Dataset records

★ ★ ★ ★ ★ ★ ★

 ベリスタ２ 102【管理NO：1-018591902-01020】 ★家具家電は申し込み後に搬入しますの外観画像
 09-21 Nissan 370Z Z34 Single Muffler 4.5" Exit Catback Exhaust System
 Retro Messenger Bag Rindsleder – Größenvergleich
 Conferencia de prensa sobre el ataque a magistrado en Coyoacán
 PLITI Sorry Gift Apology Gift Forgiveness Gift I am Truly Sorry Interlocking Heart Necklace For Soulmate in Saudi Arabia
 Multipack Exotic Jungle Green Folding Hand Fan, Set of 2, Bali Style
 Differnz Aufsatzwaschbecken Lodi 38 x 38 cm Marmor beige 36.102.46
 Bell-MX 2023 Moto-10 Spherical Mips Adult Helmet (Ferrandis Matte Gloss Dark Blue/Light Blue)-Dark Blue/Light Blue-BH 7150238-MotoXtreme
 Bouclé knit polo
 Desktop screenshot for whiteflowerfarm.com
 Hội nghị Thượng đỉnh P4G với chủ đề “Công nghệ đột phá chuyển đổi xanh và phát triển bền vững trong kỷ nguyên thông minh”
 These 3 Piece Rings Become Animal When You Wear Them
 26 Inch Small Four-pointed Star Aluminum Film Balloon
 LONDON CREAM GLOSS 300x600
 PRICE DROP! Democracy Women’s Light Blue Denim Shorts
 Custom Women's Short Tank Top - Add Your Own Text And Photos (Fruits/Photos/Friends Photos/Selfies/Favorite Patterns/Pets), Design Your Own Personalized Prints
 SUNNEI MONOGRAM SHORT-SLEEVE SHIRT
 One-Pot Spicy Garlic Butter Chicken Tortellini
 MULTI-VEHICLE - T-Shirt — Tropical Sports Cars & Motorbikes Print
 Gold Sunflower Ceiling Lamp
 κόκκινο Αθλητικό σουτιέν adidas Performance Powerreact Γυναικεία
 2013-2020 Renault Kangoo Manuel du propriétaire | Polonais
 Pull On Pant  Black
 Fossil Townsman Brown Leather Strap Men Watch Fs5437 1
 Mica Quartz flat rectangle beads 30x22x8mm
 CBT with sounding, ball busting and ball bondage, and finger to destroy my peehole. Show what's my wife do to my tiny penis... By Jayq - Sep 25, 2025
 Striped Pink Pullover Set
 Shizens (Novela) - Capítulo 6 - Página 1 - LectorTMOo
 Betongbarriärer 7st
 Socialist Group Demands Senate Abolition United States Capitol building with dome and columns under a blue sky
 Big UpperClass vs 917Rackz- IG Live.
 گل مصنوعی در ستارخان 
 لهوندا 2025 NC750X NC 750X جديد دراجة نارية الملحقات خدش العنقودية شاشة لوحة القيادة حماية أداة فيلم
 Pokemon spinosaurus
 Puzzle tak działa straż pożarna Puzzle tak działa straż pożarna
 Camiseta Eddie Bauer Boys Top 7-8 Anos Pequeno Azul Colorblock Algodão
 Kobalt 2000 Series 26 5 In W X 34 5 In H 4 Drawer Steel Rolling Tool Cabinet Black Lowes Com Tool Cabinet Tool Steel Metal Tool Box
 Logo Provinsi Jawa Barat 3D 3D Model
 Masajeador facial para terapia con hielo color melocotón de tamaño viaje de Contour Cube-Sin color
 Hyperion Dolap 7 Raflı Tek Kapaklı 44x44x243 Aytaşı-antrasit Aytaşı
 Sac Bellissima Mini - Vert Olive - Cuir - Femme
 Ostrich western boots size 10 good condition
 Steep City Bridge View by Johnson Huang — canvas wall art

★ ★ ★ ★ ★ ★ ★

## [Work order]
The answer is the line containing "Logo Provinsi Jawa Barat 3D 3D Model" together with every line after it in the records, repeated exactly and with nothing else.

## [Response]
 Logo Provinsi Jawa Barat 3D 3D Model
 Masajeador facial para terapia con hielo color melocotón de tamaño viaje de Contour Cube-Sin color
 Hyperion Dolap 7 Raflı Tek Kapaklı 44x44x243 Aytaşı-antrasit Aytaşı
 Sac Bellissima Mini - Vert Olive - Cuir - Femme
 Ostrich western boots size 10 good condition
 Steep City Bridge View by Johnson Huang — canvas wall art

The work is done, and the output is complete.